Clearly, the rabbit R stands at 6 and the rabbit
S stands at −6 on the number line. The distance from 0 to 6 on the number line is
6 units and the distance from 0 to −6 on the number line is also 6 units.The numbers
6 and −6 are at the same distance from 0 on the number line. That is, the rabbits
R and S stand at the same distance from 0, but in opposite directions.

Here, 6 and −6 are ** opposite** to each other. That is, two numbers
that are at the same distance from 0 on the number line, but are on the opposite
sides of it, are

**Note**

The opposite of the opposite of a
number is the number itself.

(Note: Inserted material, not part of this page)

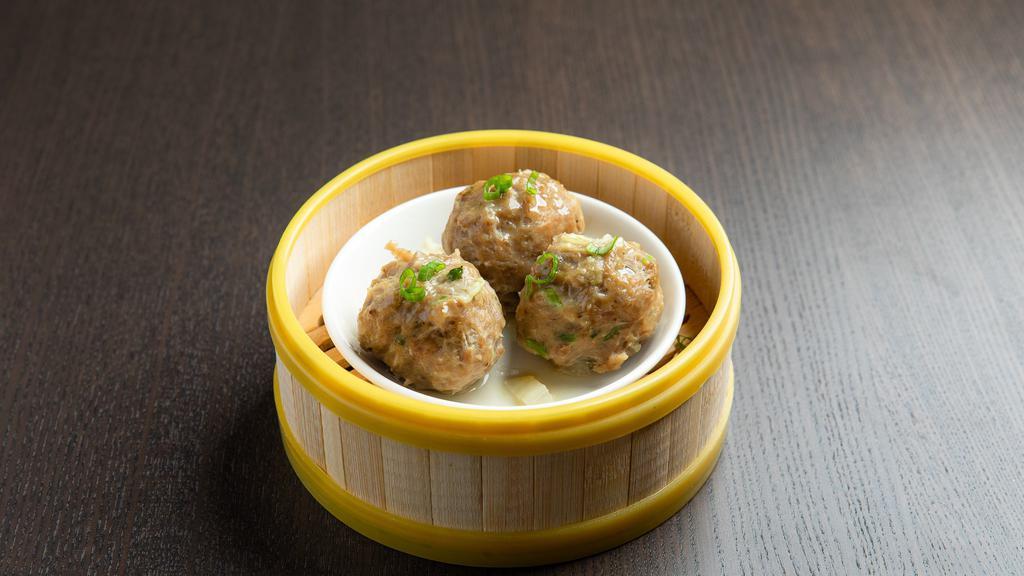 Steamed Beef Ball Dumplings · Traditional steamed beef meat ball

For example –(–5) read as negative of negative 5 or
minus of minus 5 is equal to 5 itself.

Now, it is easy to write the opposite of the numbers
−7, 12, −225 and 6000. Note that, the opposite of a positive integer is negative,
and the opposite of a negative integer is positive, whereas the opposite of zero
is zero.

The “opposites” are naturally more convenient to
relate and understand with many of our daily-life situations like saving-spending,
credit-debit, height above-below, where

i) the saving is treated as positive and the spending
is treated as negative.

ii) a credit is considered positive whereas a debit
is considered negative.

iii) the height above the sea level is regarded as positive and the height below the sea level is regarded as negative.

** **

__Example 2__

Represent the following situations as integers:

i) A gain of ₹1000 ii) 20°C below 0°C iii) 1990
BCE (BC) iv) A deposit of ₹15847 v) 10 *kg*
below normal weight

**Solution**

i) As gain is positive, ₹1000 is denoted as + ₹1000.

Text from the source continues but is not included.